Untuk negara baru dan kecil tanpa pertahanan militer, kekuatan keuangan adalah satu-satunya senjata. Namun, akan efektif jika dunia akan melakukan bisnis, jadi Qatar ingin menempatkan dirinya sebagai negara mikro, yang memiliki teknologi canggih melalui arena yang menarik.

Menjadi tuan rumah sebuah event olahraga seperti Piala Dunia dan Olimpiade semakin tidak populer dalam beberapa tahun terakhir karena pengeluaran keuangan telah naik dan manfaatnya kurang jelas.

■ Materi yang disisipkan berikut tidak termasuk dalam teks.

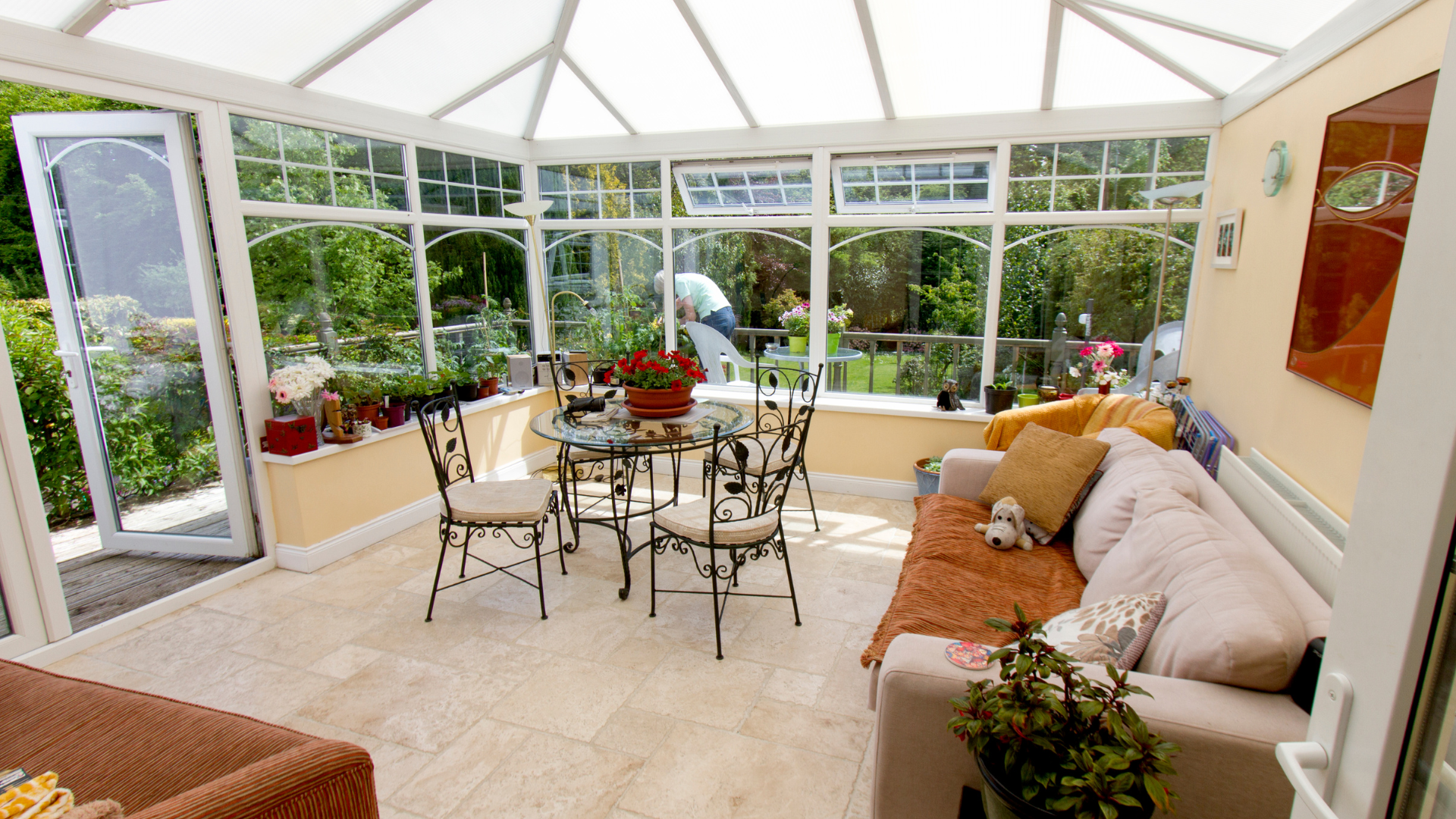 Bright sunroom with wicker seating, potted plants, and large windows overlooking a garden.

Realitas keuntungan seperti 'warisan bangunan' itu sangat diragukan. Terpampang gambar fasilitas mahal jelas menunjukkan biaya selaku tuan rumah. Selain tekanan keuangan yang luar biasa, ada potensi kerusakan pada status suatu negara ketika terjadi kesalahan. Qatar telah menghabiskan sejumlah uang yang menggiurkan diperkirakan akan mencapai 90 miliar poundsterling.

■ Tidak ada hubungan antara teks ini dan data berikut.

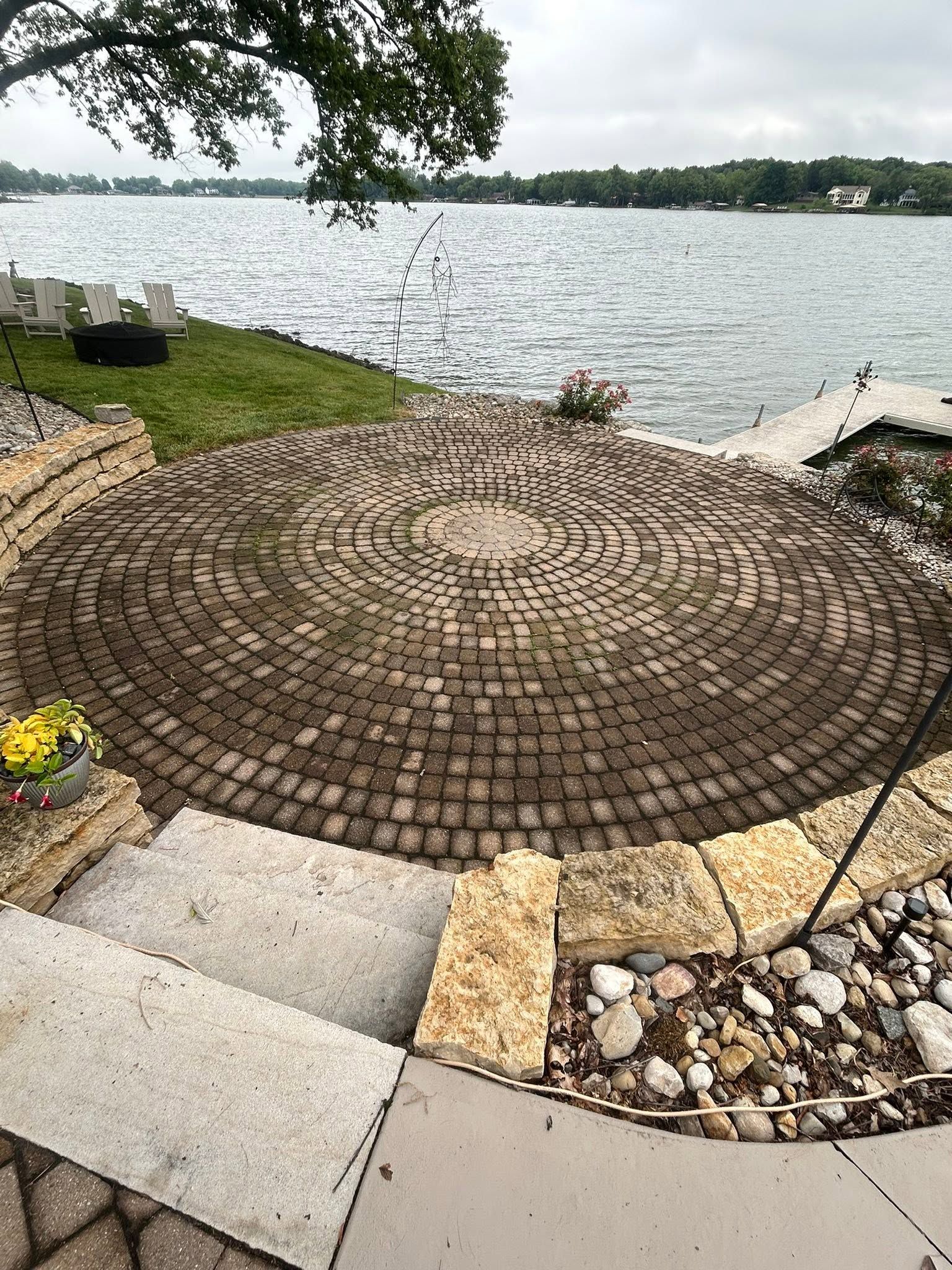 Stone patio by a lakeshore with chairs, steps, and flowerpots; water and trees in the background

Seorang akademisi di Manchester Metropolitan University, Dr Paul Brannagan, telah menciptakan istilah disembowerment untuk menggambarkan fenomena ketika upaya untuk mendapatkan serangan balik dari soft power.

"Apa yang bisa dilakukan berbagai peristiwa besar bagi negara-negara kecil adalah melemparkannya ke panggung dunia, tetapi apa yang menyertai panggung dunia adalah sorotan," kata Dr. Brannagan.

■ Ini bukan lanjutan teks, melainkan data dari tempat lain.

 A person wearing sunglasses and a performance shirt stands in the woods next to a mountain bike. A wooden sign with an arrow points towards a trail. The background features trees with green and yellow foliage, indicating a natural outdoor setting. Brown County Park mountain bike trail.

“Pemerintah cenderung berpikir bahwa jika Anda hanya menyelenggarakan acara, itu akan menguntungkan Anda, dan itu sama sekali tidak terjadi. Commonwealth Games 2010 di Delhi dikritik dengan benar karena menggunakan pekerja anak-anak, yang menghancurkan harapan India untuk menjadi tuan rumah Olimpiade. Sebelum Olimpiade 2008 ada insiden China yang keras terhadap Tibet. Sebelum Brasil ada kerusuhan. Sebelum Rusia, ada fokus pada homophobia dan rasisme. Bahkan ada seruan bagi para pemimpin politik untuk memboikot acara tersebut," tambahnya.“Tentu saja itu bisa berhasil seperti London 2012 adalah Pertandingan yang hebat, dan idenya adalah bahwa banyak orang melihat kami membosankan, sombong, jadi apa yang Anda lakukan, Anda mendapatkan sang Ratu terjun payung bersama James Bond. Jerman pada 2006 adalah Piala Dunia yang sangat hebat yang membantu mengatasi stigma negatif yang masih ada," paparnya.Bagi Qatar, ada pro dan kontra yang buruk. Akankah konotasi negatif korupsi dan eksploitasi Piala Dunia 2022 pada akhirnya menciptakan visibilitas dan prestise sebuah penyelenggaraan turnamen sepakbola yang sukses? Kita lihat saja. Dimana para pesepakbola akan tampil pada musim dingin, tepatnya November-Desember 2020. Ini bakal mengganggu jadwal pemain, terutama yang berkiprah di sepakbola Eropa.